‘Inclusive’ Approach Seen as Key to Trusted AI
Trustworthy AI for enterprise applications remains elusive, frequently due to poor-quality or siloed data. The result is little confidence in early AI deployments, a vendor survey found.
Dataiku, the enterprise AI platform specialist, used the results its survey of about 400 data scientists, analysts and AI application users to make the case for “inclusive AI.” That approach not only democratizes data but improves quality and, with it, the potential for scaling AI projects into application users’ trust.
The survey found that that 52 percent of respondents have frameworks in place to help ensure data quality in hopes of developing trusted AI applications that scale. Along with trusted data, key considerations for machine learning developers include AI explainability and ethical use of algorithms.
The problem begins there, the survey found, with 57 percent of respondents saying they unsure how machine learning projects were being used and whether they were being applied responsibly. Thirty-five percent they were working to ensure ethical use of enterprise AI projects.
“Trust in AI projects will continue to present significant challenges if we are still tackling fundamental issues such as data quality, as well as more complex problems associated with ethics,” said Dataiku CEO Florian Douetteau.
Dataiku and other platform vendors pitching tools designed to allow data scientists and analysts to use “dirty” data in machine learning projects assert that trusted AI depends on improving data quality. “This starts with trust in the data itself that is being used in AI systems,” Douetteau said. “Data quality is one of the most basic but most important hurdles to overcome in the path to building sustainable AI that will bring business value, not risk.”

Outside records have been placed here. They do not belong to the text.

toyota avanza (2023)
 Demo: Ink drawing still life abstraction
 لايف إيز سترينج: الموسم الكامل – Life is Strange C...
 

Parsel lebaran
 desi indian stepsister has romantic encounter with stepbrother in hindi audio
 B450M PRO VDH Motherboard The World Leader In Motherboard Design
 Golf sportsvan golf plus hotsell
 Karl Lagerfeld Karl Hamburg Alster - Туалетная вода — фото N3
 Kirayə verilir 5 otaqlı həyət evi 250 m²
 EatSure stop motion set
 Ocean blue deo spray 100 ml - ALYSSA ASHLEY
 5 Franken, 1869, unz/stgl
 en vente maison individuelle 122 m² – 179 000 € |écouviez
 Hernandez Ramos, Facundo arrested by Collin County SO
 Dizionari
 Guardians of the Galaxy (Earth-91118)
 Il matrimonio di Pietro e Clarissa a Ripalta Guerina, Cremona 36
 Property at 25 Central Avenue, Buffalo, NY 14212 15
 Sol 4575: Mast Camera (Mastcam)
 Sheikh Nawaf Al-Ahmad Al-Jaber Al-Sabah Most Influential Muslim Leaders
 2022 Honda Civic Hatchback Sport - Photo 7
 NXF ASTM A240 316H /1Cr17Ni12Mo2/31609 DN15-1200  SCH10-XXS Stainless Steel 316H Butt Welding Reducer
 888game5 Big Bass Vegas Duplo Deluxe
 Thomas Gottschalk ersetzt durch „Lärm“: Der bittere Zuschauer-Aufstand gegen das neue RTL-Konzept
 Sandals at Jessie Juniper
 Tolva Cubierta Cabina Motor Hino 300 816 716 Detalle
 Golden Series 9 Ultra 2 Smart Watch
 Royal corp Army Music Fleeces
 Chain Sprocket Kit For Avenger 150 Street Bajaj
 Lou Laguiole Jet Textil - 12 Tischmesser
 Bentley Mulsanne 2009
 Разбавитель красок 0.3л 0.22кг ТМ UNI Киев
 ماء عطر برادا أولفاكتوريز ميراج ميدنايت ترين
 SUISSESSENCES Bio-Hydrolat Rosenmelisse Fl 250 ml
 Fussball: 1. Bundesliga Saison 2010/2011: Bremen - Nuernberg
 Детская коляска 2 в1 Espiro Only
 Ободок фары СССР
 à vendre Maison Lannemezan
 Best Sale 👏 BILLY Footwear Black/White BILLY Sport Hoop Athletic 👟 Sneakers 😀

It’s akin to frequency hand-washing in a pandemic.
For now, most organizations appear to be falling short of those requirements. The Dataiku survey found that just 11 percent of potential AI application users defined as “non-manager, non-technical” employees thought the technology would transform their jobs. The company said that represents a much lower percentage than more sanguine senior-level managers.
Overcoming the pervasive AI trust gap starts with a combination of improving data quality while expanding access across organizations. That starts with greater collaboration in AI development in order to take advantage of a company’s diverse skills sets and use cases. “There are clearly some questions around trust, responsibility and inclusivity which need addressing before AI can have the optimal result,” Douetteau said.
The company’s Data Science Studio platform scored well in recent rankings of machine learning tools, cited in a Gartner survey for fostering collaboration among data engineers and scientists. Gartner also lauded automation the platform brings to machine learning workflows, as well as the management and monitoring of models once they’re in production.
Dataiku was founded in 2013 to address what Douetteau said was “the fragmented data science ecosystem [by promoting] collaboration amongst users and to navigate the journey to successfully implementing enterprise AI.”